The maritime climate in Britain is most marked in the Isles of Scilly, Cornwall, where the average temperature in winter is about 7°C (45°F) – about the same as the Mediterranean coat of France. In the summer, the temperature averages 16°C (61°F), and the total annual rainfall is about 800 mm (32 in). Moving eastwards into Europe, along similar latitudes, the climate gradually changes to a continental climate, such as that in Germany, where the corresponding figures would be about 0°C (32°F), 19°C (66°F), and 550 mm (22 in).


Mediterranean climate

A Mediterranean climate (Fig 3) is a type of climate associated with the countries surrounding the Mediterranean Sea, but also found in southern California, central Chile, and parts of Australia.
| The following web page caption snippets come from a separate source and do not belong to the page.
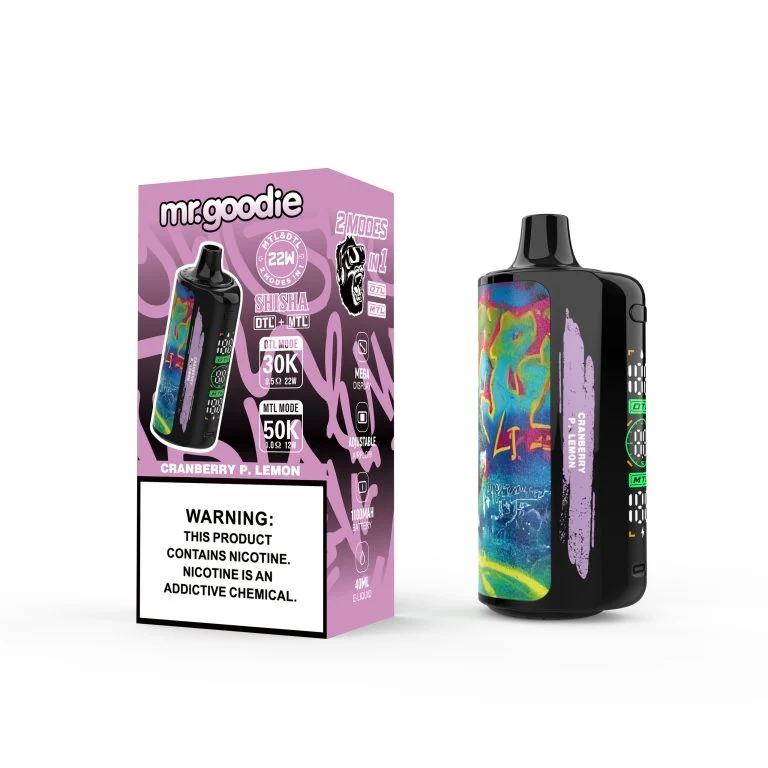 Mr.Goodie Shisha 50K Einweg Kit (50000 puffs)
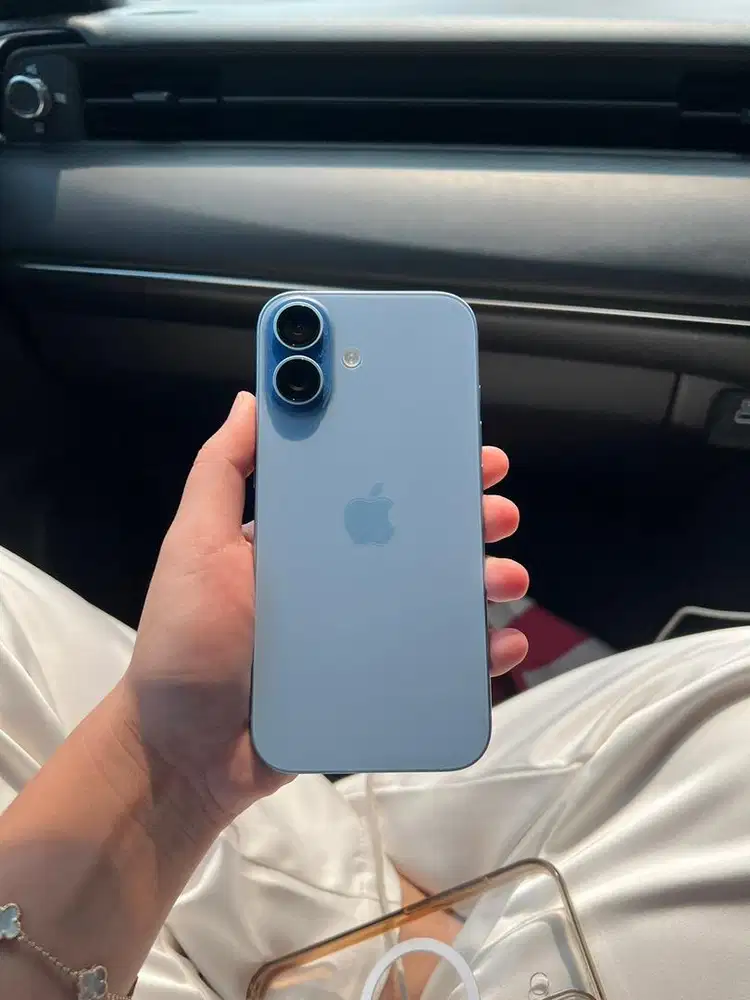 IPHONE 17 BLUE 256 GB IBOX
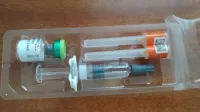 Vacuna comercial para la prevención del sarampión, paperas epidémicas y rubéola.
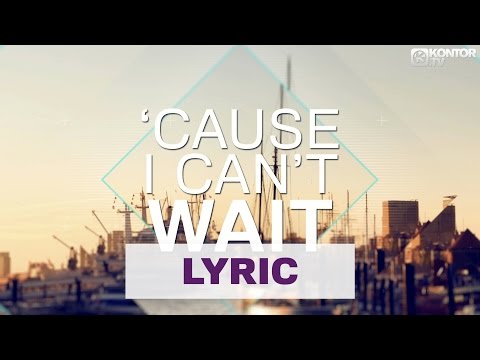 Eric Chase feat. Michelle Hord - I Can't Wait (Official Lyric Video HD)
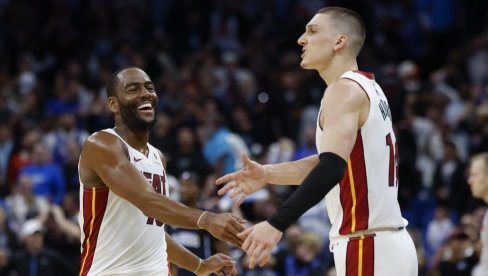 NBA: Majami slavio u evropskoj utakmici, Atlanta srušila Čikago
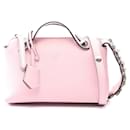 Fendi Mini By The Way Leather Handbag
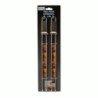 2 Stück Schaschlik Spieße Edelstahl 32,5cm - 2,45 €/Stück Restposten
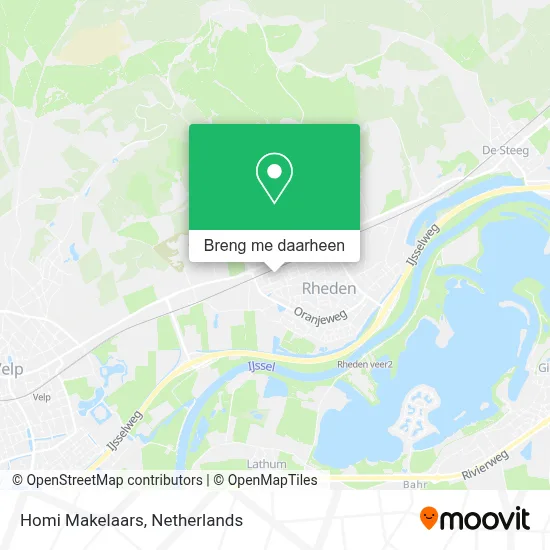Homi Makelaars kaart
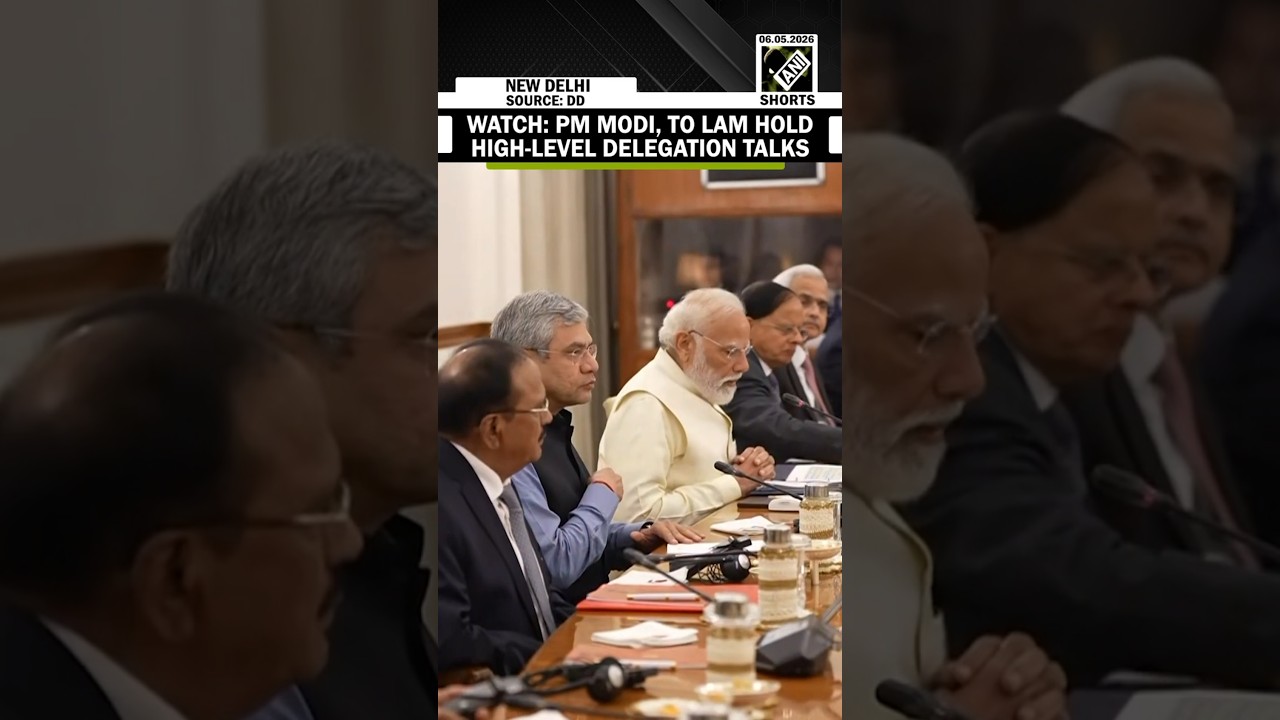 WATCH: PM Modi, Vietnamese President To Lam hold &lsquo;high-level&rsquo; delegation talks in New Delhi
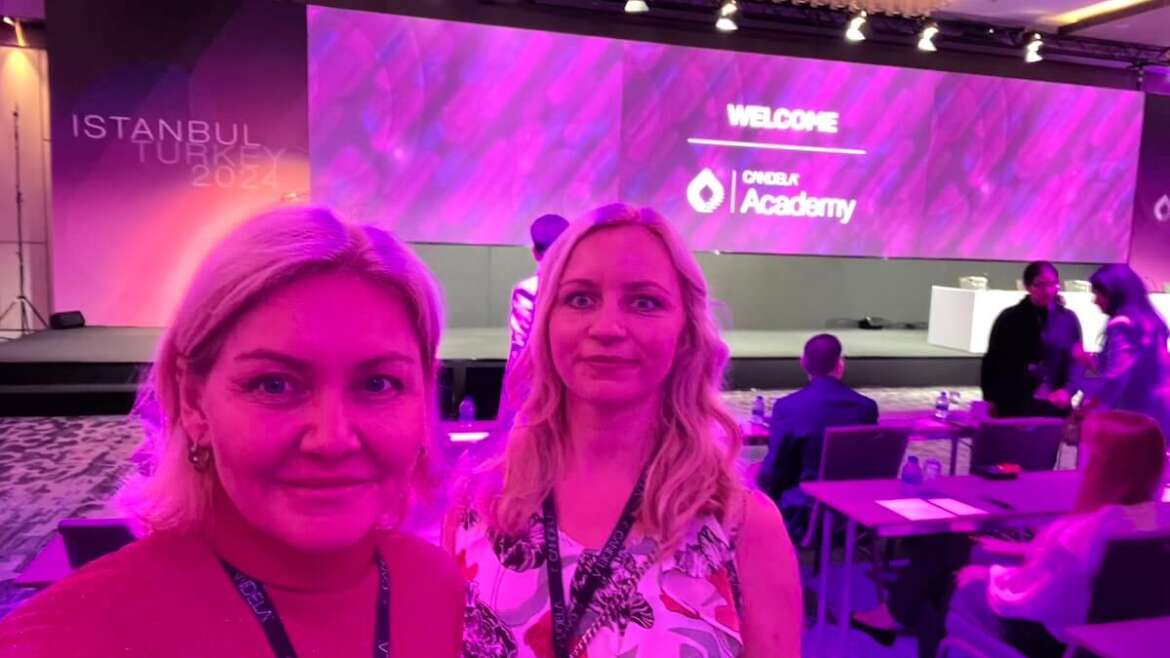 Naš tim na Candela Academy 2024 u Istanbulu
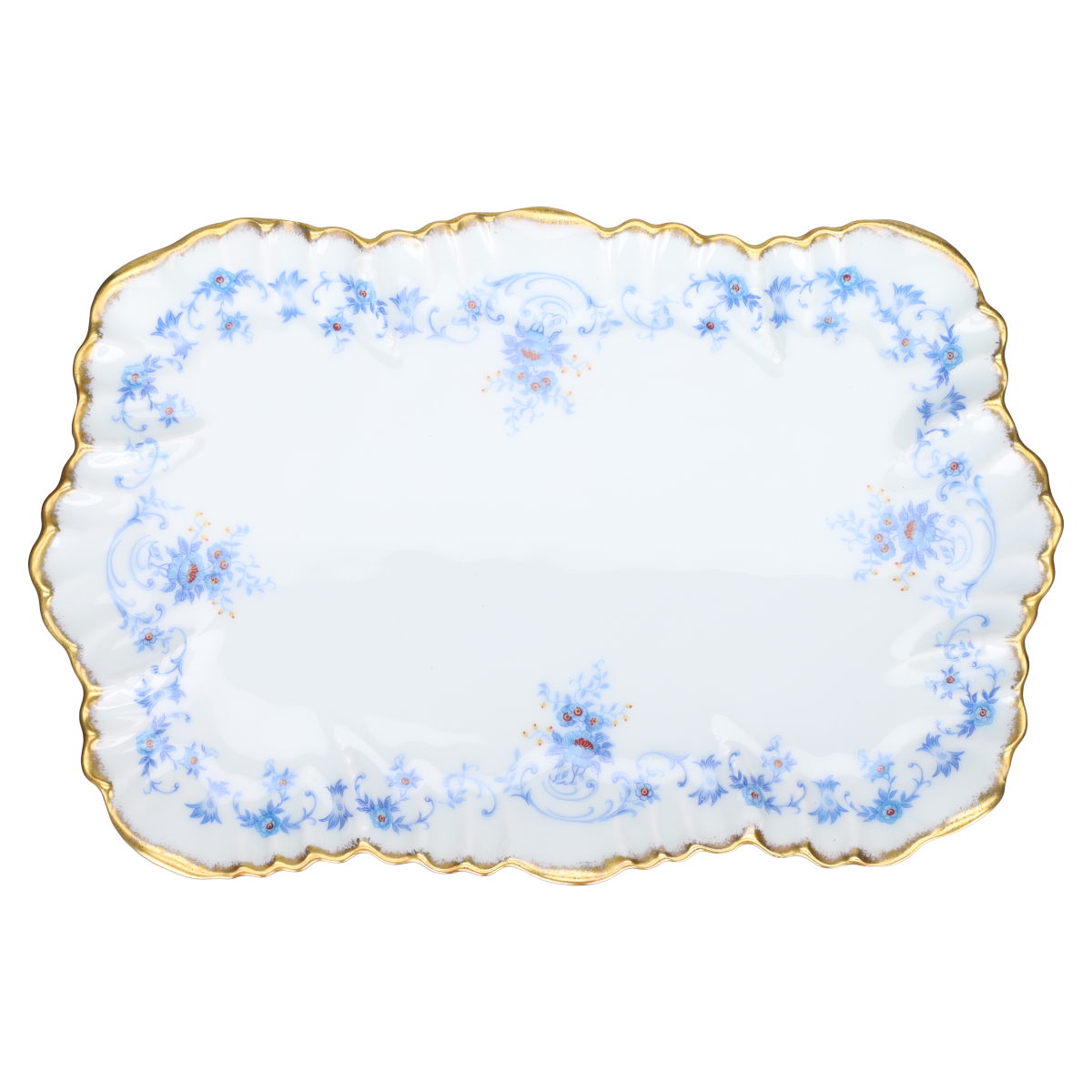 Tablett f Zucker und Milch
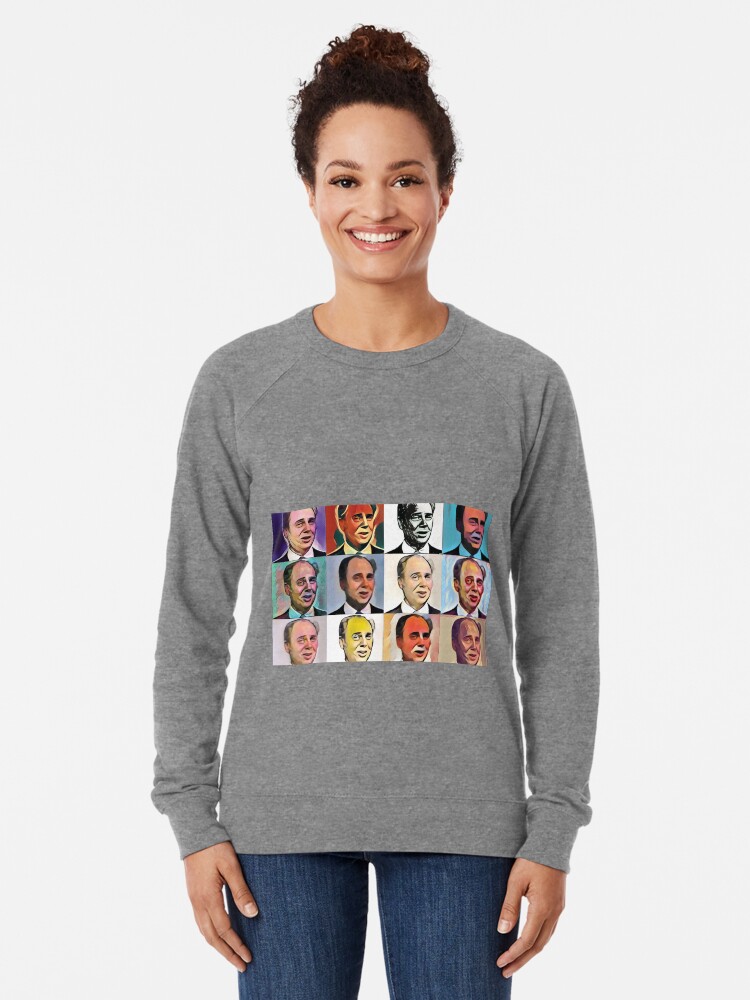 Alternate view of John Daker - Multicolour FanPop Lightweight Sweatshirt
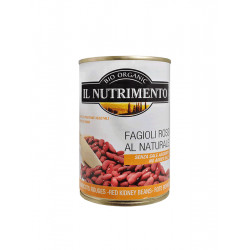 IL Nutrimento Organic Red Kidney Beans in Water 400g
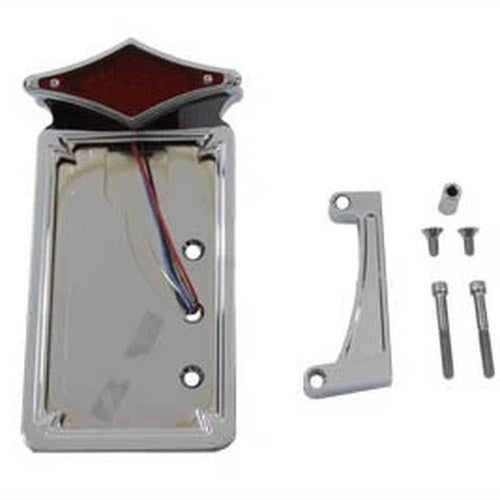 Diamond Vertical Tail Lamp Kit for Harley-Davidson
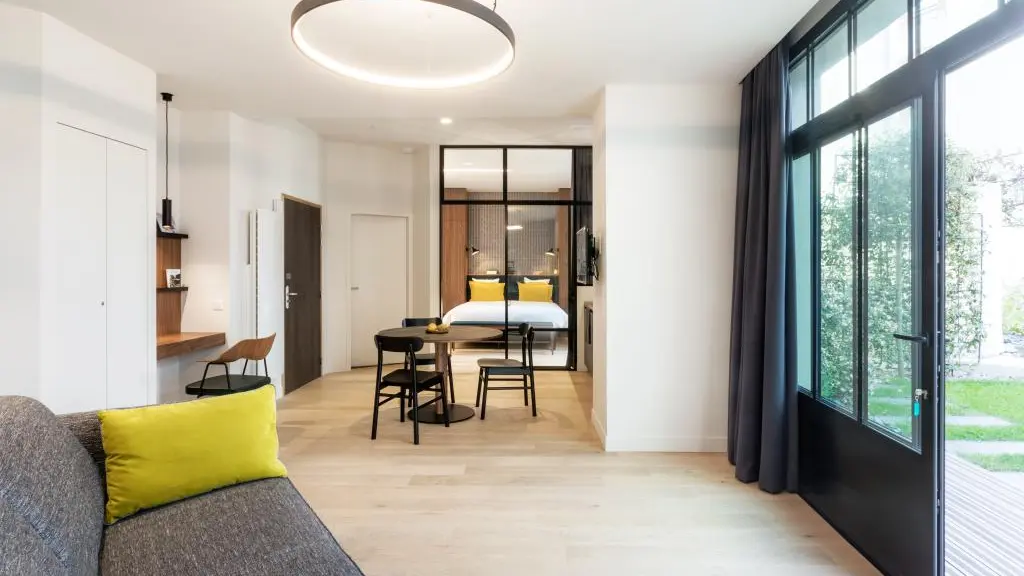 Appart Hôtel - Salon Appartement chez Béatrice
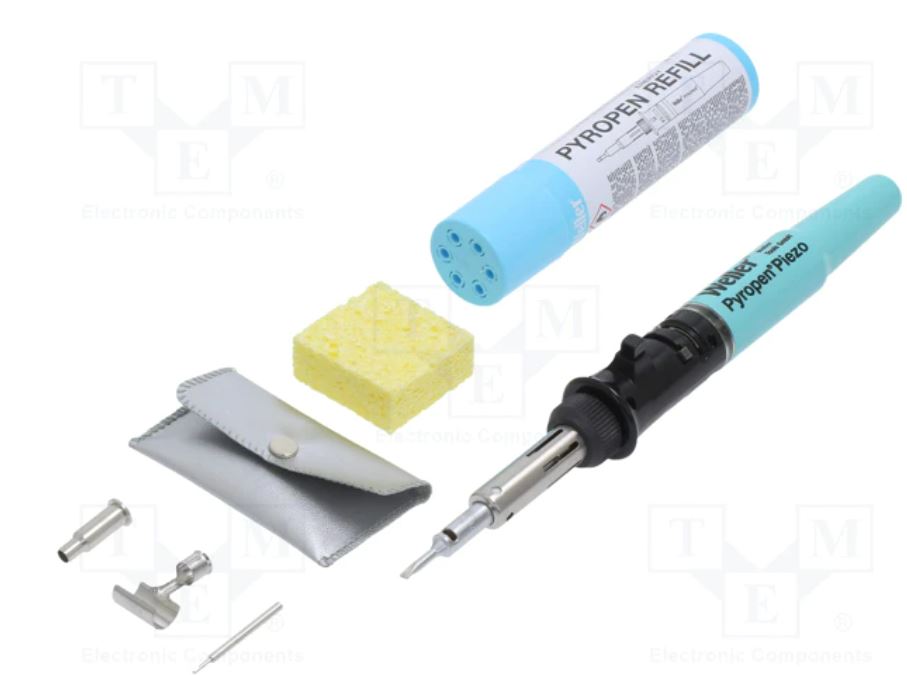 SOLDERING IRON gas (Weller T0051605999) + cartr. for 3h sold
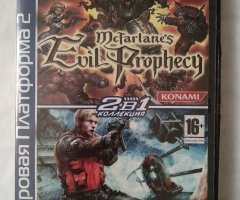 Игровой диск McFarlane's Evil Prophecy, Cold Fear для PS2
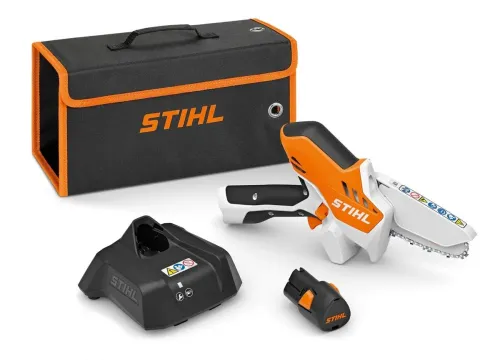 Электропила мини (аккум)  STIHL GTA 26 SET (10см + 71PM3 28 + AS2 + AL 1 + Multioil 50ml)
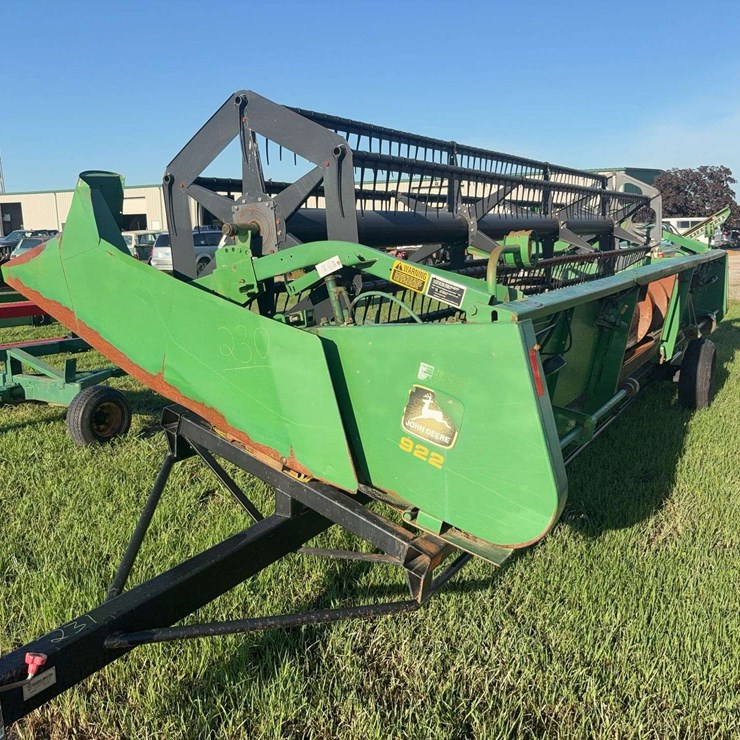 JOHN DEERE 922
Summers are hot and sunny, averaging 25°C (77°F) or more; winters are mild, ranging from 5°C to 15°C (41°–57°F). Summers are very dry but winters can be quite wet, with up to 600 mm (24 in) of rainfall, some of which come as thunderstorms at the end of the summer.


Branches of climatology

Climatology is the study of Earth's climates. Physical climatology investigates the relationships between temperature, pressure, winds, precipitation, and other weather phenomena. Regional climatology considers latitude and other geographical factors, e.g., the influence of large land masses in the climatic study of a particular place or region.


Climate modeling

Climate modeling is the use of a computer to simulate Earth's climate. Physical data, such as temperature, pressure, wind direction, and so on are manipulated mathematically by a powerful computer to give a model of Earth's whole climatic system. Researchers can vary various parameters to see what changes occur. In this way they can study the effects of the greenhouse effect and global warming, or what would happen if there was a significant change in the amount of radiation from the Sun. Such modeling can be limited by scientists' understanding of the key factors controlling climates.